--- Problem ---
The data below contains pictures, which are to be skipped; the lines starting at the line with "Kids Watch for" and ending at the line with "Badmat - Runderen" are to be output exactly, both ends included.
----------
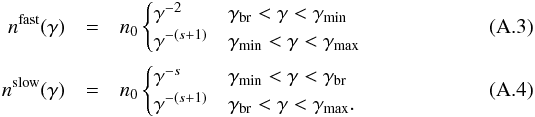 \appendix \setcounter{section}{1} \begin{eqnarray} n^{\rm fast}(\gamma) &= &n_0 \begin{cases} \gamma^{-2} & \gamma_{\rm br}<\gamma<\gamma_{\rm min} \\ \gamma^{-(s+1)} & \gamma_{\rm min}<\gamma<\gamma_{\rm max} \end{cases} \label{eq:fastcooling} \\ n^{\rm slow}(\gamma) &=& n_0 \begin{cases} \gamma^{-s} & \gamma_{\rm min}<\gamma<\gamma_{\rm br} \\ \gamma^{-(s+1)} & \gamma_{\rm br}<\gamma<\gamma_{\rm max}. \end{cases} \label{eq:slowcooling} \end{eqnarray}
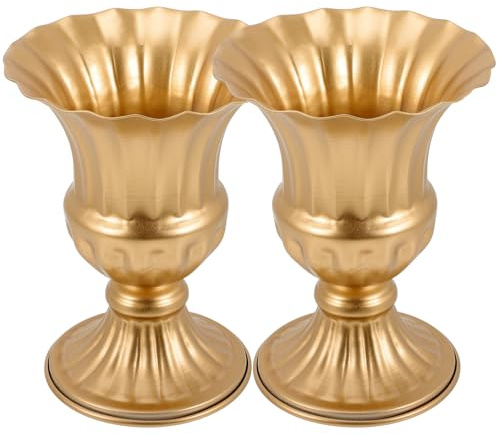DOITOOL Jarrones Conmemorativos para Cementerio de Hierro Dorado, Macetas Resistentes para Flores, 2 Piezas, Ideales para Tumbas y Funerales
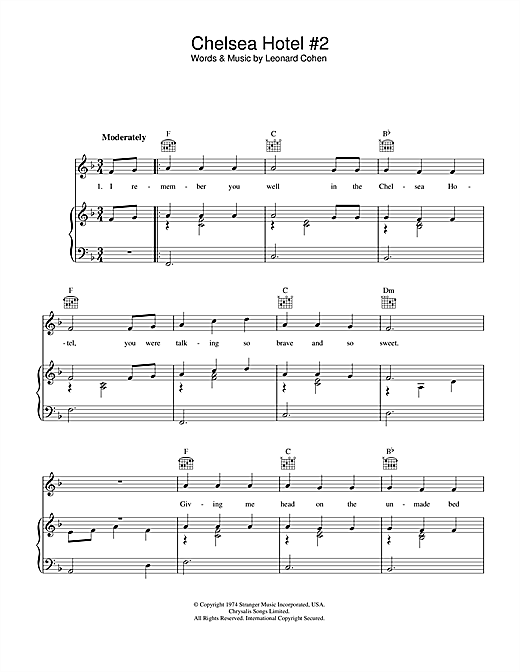 Preview Leonard Cohen Chelsea Hotel #2 Pop sheet music, notes and chords for Piano, Vocal & Guitar (Right-Hand Melody), SKU: 33563 sheet music, piano notes, chords, guitar tabs, score, transpose, transcribe, how to play, guide, download, learn, tutorial, progression, song, artist, awards, billboard, mtv, vh1, tour, single, album, release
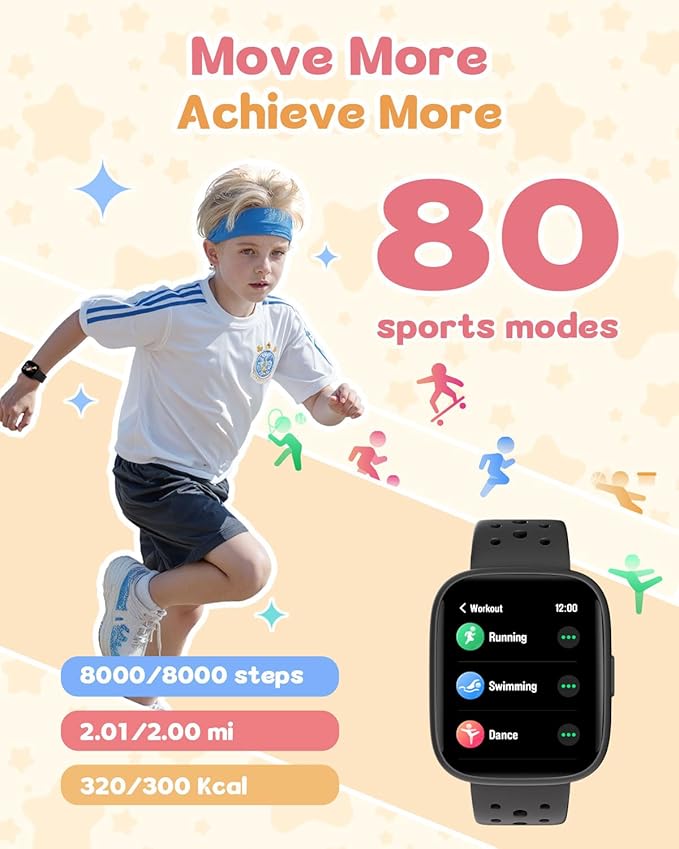Kids Watch for Boys 5-12, Kids Smart Watch Fitness Tracker Pedometer, No Phone Needed, Puzzle Games with Parental Control, IP68 Waterproof, Heart Rate, Sleep Monitor, Step Counter, 80 Sports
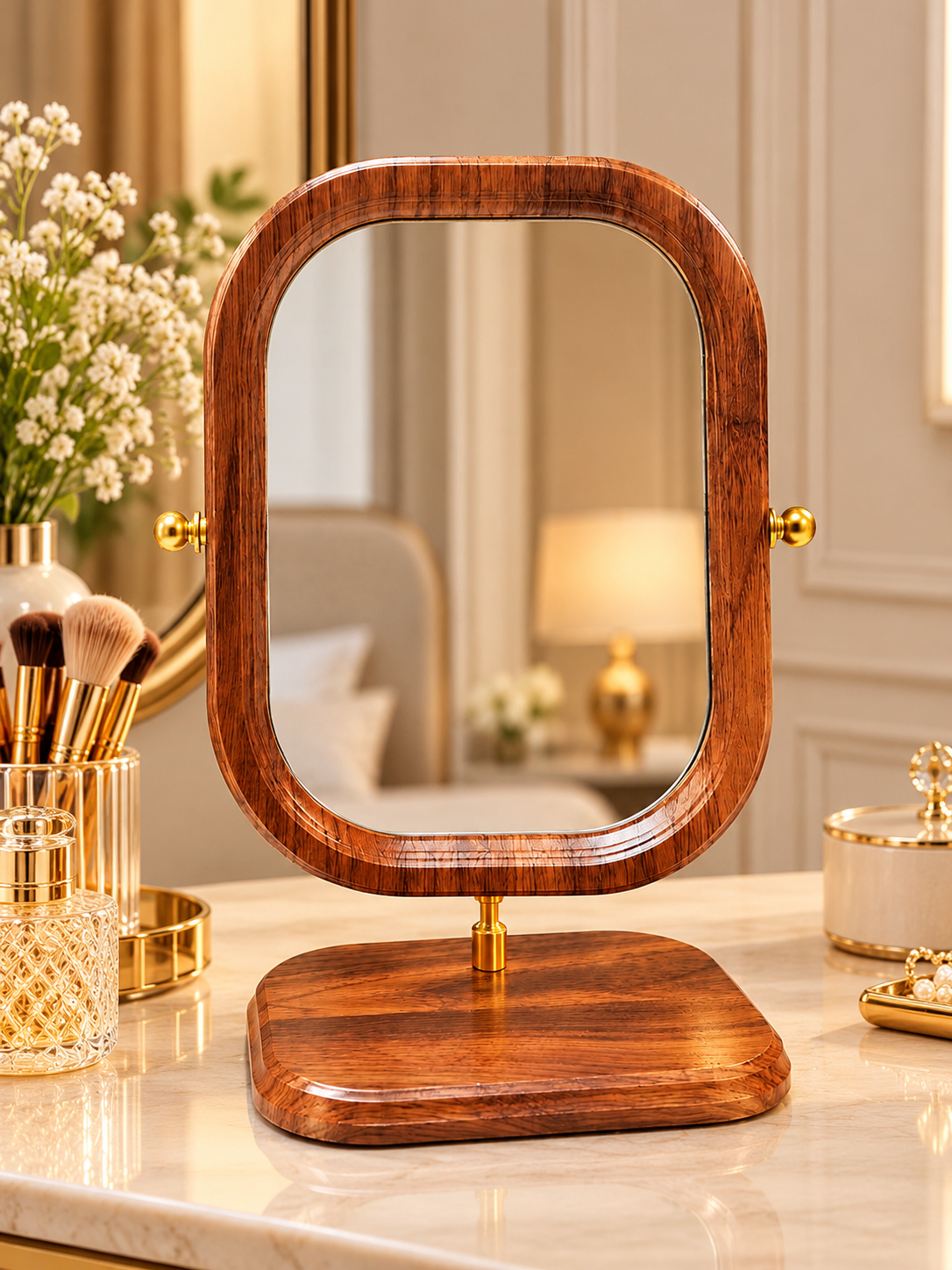 Luxury Wooden Frame Table Mirror with Gold Accents – Elegant Dressing Mirror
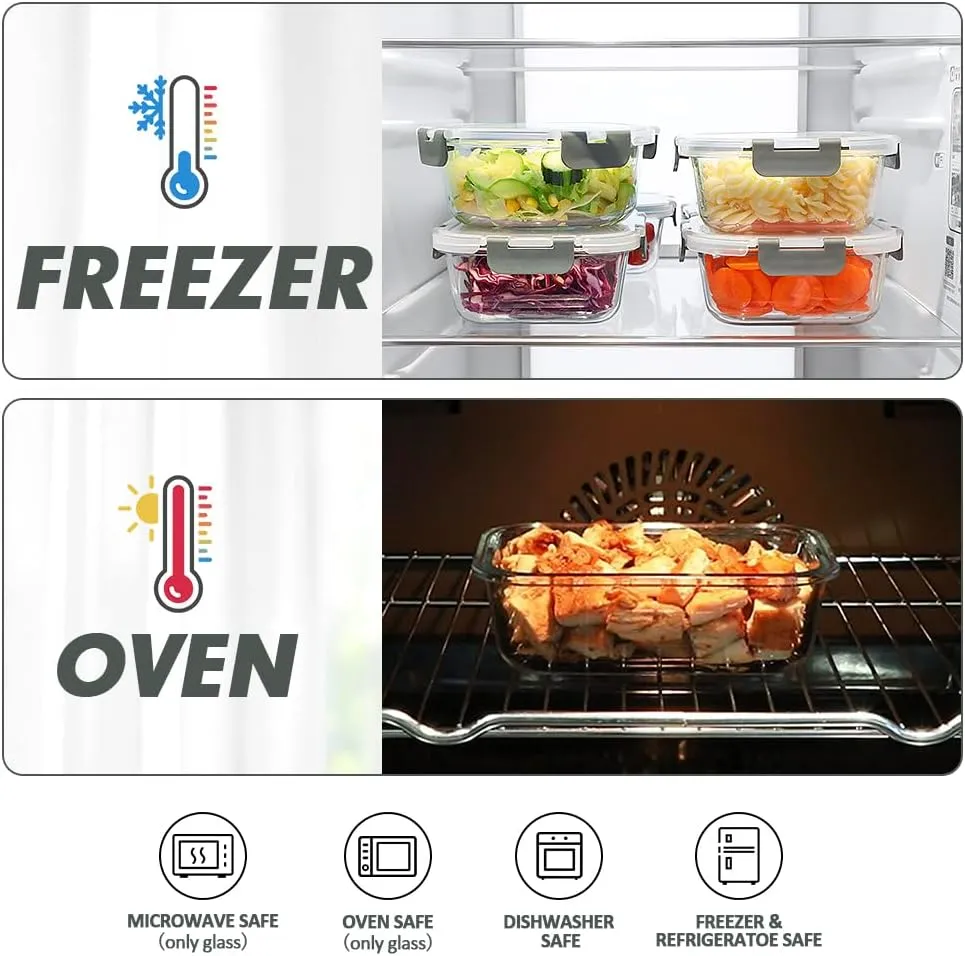 VERONES 24 Pieces Glass Food Storage Containers Set, Airtight Glass Lunch Containers, Glass Meal Prep Containers with Lids,Exclusive of BPA, for Microwave, Oven, Freezer & Dishwasher Friendly,Grey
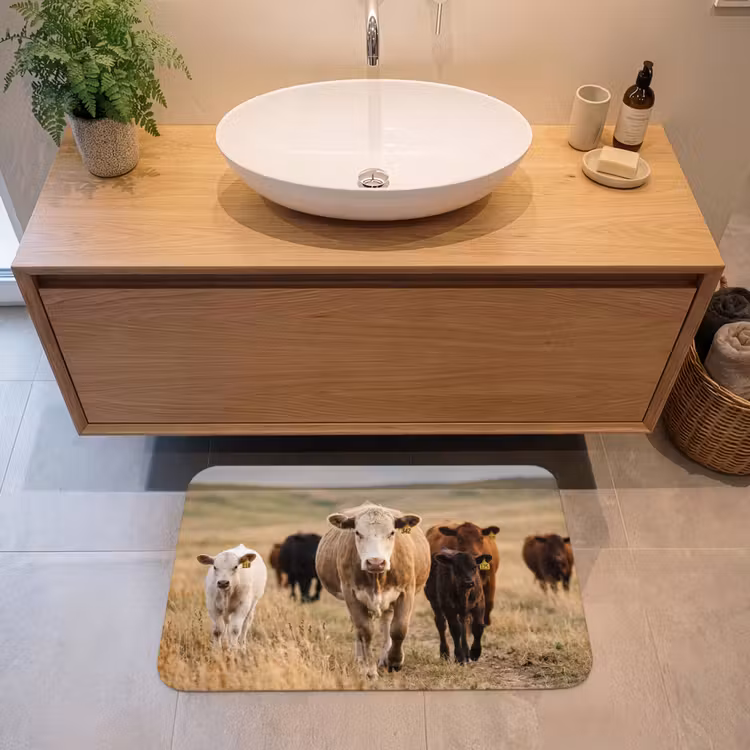 Badmat - Runderen - Kudde - Landschap - Weide - Rustig — 2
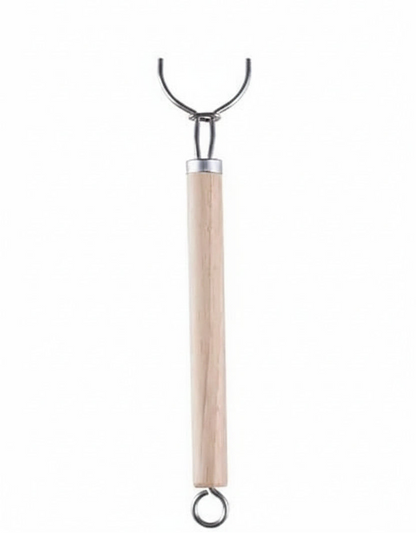 Brush handle with wooden handle and metal hook on a white background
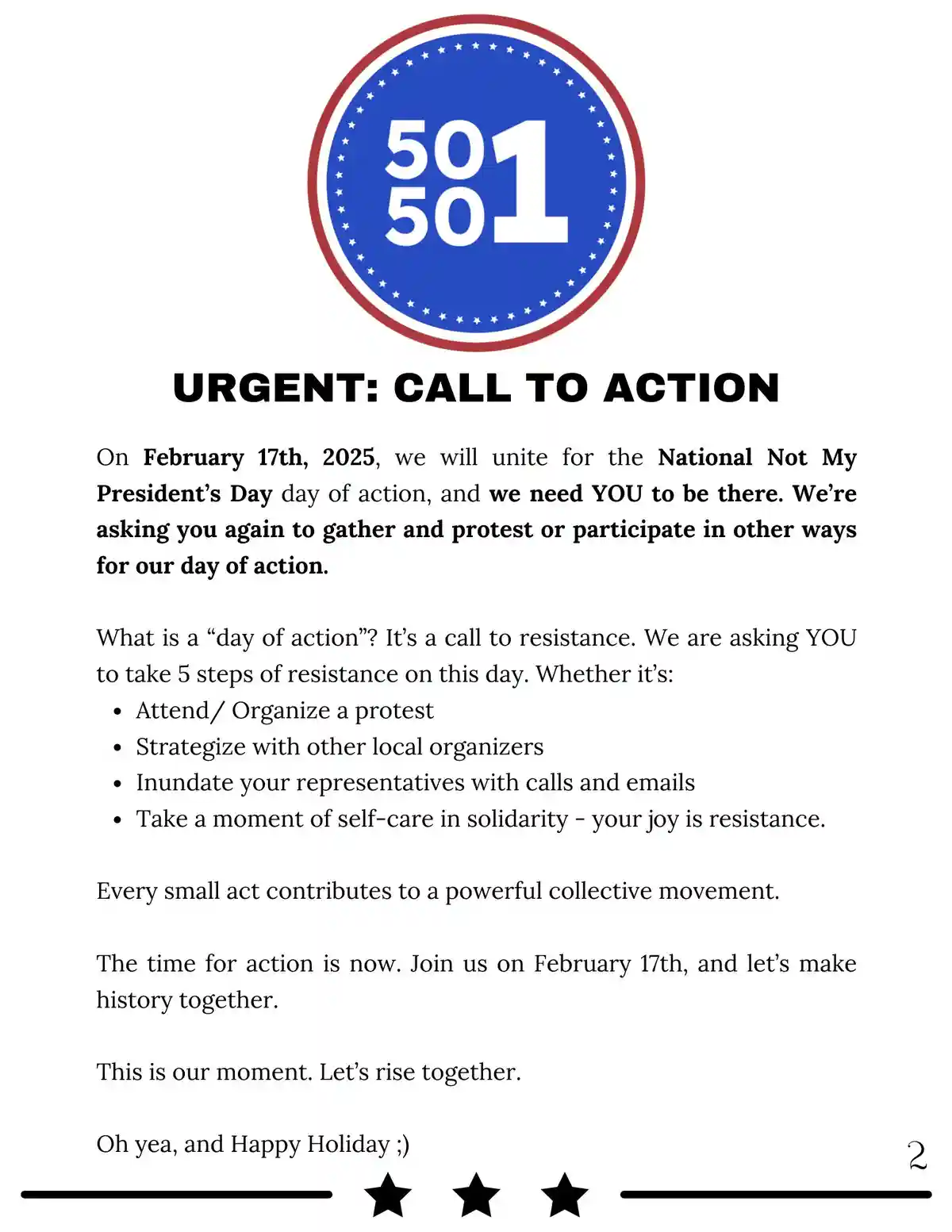 A mock political flyer titled 'URGENT: CALL TO ACTION' features a blue circular logo with '501' in white text surrounded by…
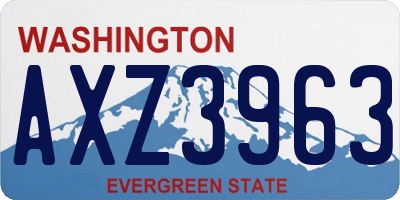 WA license plate AXZ3963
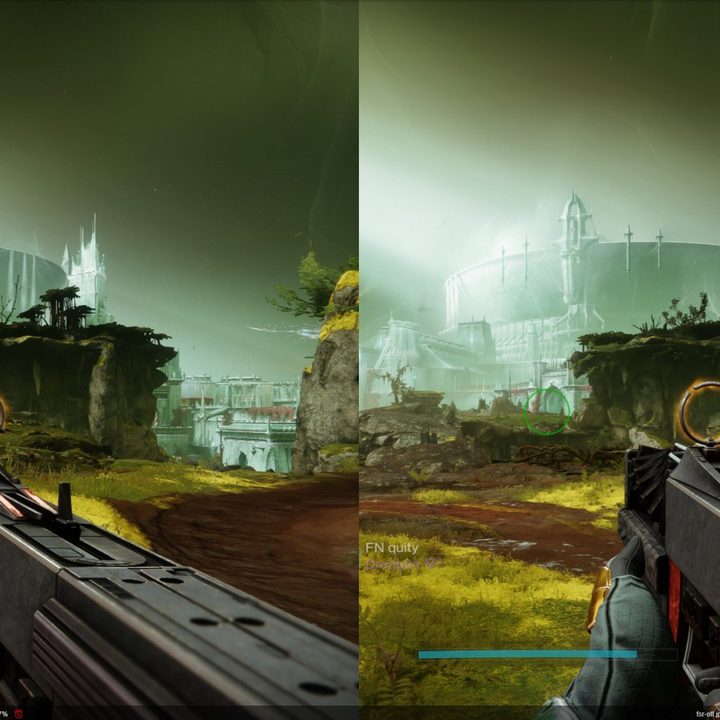 A comparison of AMD RSR in Destiny 2.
----------
--- Response ---
Kids Watch for Boys 5-12, Kids Smart Watch Fitness Tracker Pedometer, No Phone Needed, Puzzle Games with Parental Control, IP68 Waterproof, Heart Rate, Sleep Monitor, Step Counter, 80 Sports
 Luxury Wooden Frame Table Mirror with Gold Accents – Elegant Dressing Mirror
 VERONES 24 Pieces Glass Food Storage Containers Set, Airtight Glass Lunch Containers, Glass Meal Prep Containers with Lids,Exclusive of BPA, for Microwave, Oven, Freezer & Dishwasher Friendly,Grey
 Badmat - Runderen - Kudde - Landschap - Weide - Rustig — 2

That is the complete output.